[Opening SUPPLIED INFORMATION section]

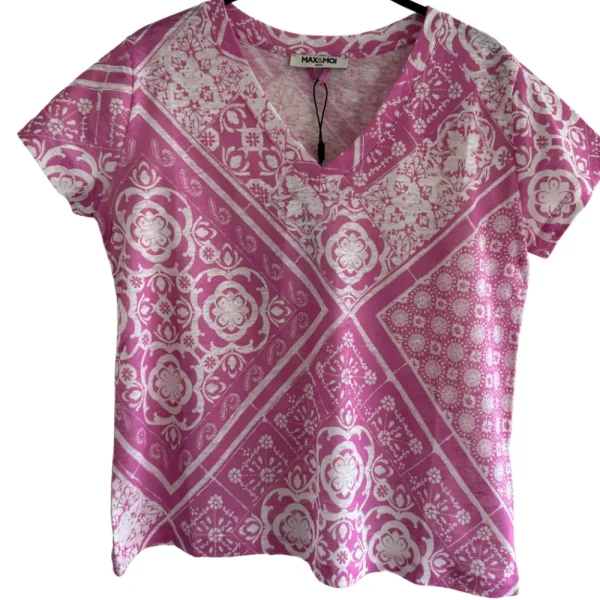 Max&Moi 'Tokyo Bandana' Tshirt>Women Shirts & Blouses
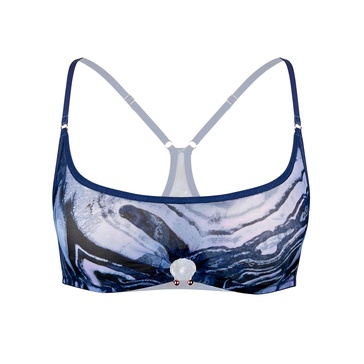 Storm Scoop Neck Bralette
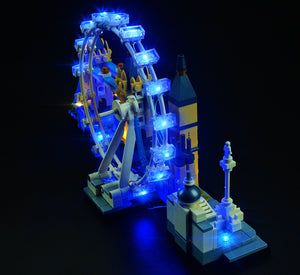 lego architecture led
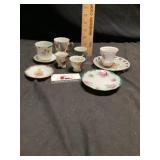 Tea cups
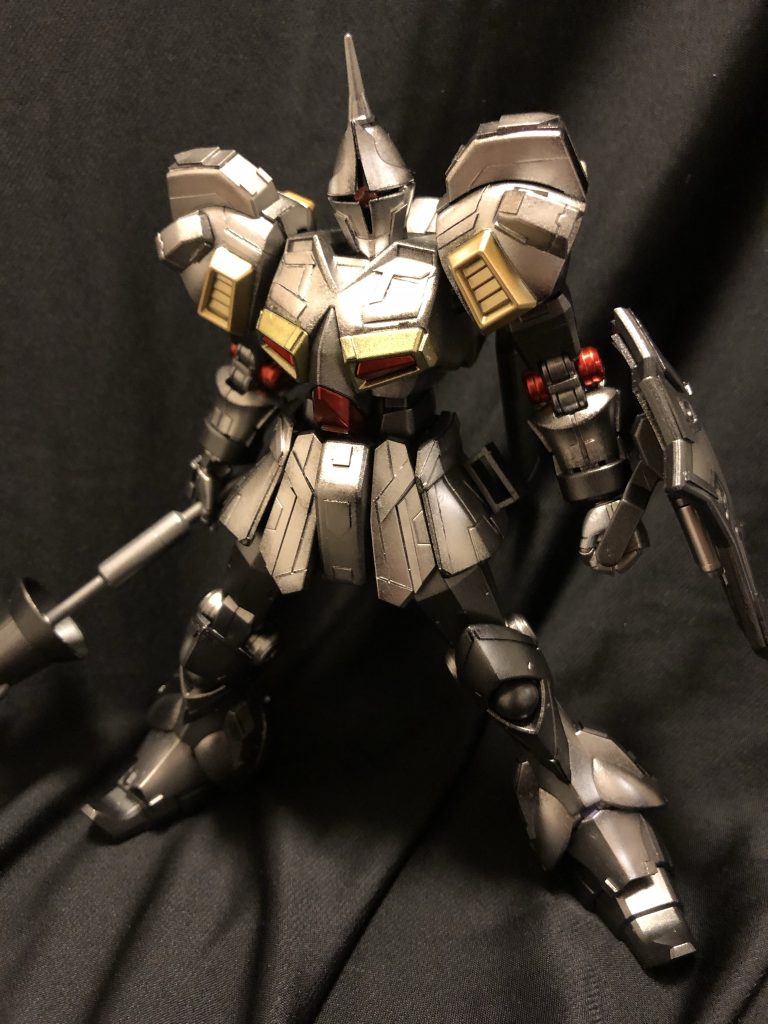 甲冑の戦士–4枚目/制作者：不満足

[Closing SUPPLIED INFORMATION section]

Aside from its pictures, the listing must be given again in full, exactly as it appears.

(RESPONSE BELOW)
 Max&Moi 'Tokyo Bandana' Tshirt>Women Shirts & Blouses
 Storm Scoop Neck Bralette
 lego architecture led
 Tea cups
 甲冑の戦士–4枚目/制作者：不満足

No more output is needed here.